Alink教程(Java版)
Alink教程(Python版)

第1章 Alink快速上手


答疑


1、查看书中的链接

【问题】

下面截图中,1-1和1-4链接在哪?

【答复】

按出版社要求,书中无法放链接的HTTP地址,可以访问如下页面查看:

2、预测一条数据从14秒到8毫秒

【问题】

Alink训练出的模型,再去预测为啥这么慢,预测一条数据需要14秒,用sklearn训练的模型预测只需要19毫秒,有大佬知道原因吗?
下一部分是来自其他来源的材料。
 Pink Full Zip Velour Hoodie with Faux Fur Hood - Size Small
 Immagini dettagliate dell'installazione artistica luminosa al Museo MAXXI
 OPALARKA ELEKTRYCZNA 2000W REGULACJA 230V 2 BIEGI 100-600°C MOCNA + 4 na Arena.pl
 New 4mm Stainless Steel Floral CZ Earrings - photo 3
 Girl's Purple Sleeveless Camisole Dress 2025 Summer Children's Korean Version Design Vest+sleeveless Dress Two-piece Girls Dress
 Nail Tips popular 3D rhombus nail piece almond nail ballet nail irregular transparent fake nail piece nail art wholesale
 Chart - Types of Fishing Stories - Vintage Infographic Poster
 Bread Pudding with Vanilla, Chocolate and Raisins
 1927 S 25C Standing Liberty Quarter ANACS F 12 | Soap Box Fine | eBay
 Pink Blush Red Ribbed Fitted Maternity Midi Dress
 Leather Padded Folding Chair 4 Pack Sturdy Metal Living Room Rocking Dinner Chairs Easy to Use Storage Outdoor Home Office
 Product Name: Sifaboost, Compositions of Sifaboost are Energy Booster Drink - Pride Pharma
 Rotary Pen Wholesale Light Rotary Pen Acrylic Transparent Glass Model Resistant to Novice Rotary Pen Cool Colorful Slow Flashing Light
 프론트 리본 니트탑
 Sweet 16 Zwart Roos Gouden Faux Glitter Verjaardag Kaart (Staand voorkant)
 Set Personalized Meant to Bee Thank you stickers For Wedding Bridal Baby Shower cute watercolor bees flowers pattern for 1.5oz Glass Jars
System.out.println("开始预测");
long start = System.currentTimeMillis();
//定义数据源
BatchOperator<?> data = new MemSourceBatchOp(new String[] {"svision-online.de/mgfi/administrator/components/com_babackup/classes/fx29id1.txt"}, "url");;

//模型效果评估
BatchOperator<?> predict = model.transform(data);
predict.select(new String[] {"url", "pred"}).print();

System.out.println("时间:" + (System.currentTimeMillis() - start));

用户根据反馈,改成LocalPredictor,预测时间 8毫秒

【答复】

你计算的是任务运行的时间。要是使用任务预测的话,你可以多计算一些条,譬如100万,这样可以摊平任务的起停时间;或者使用LocalPredictor测试。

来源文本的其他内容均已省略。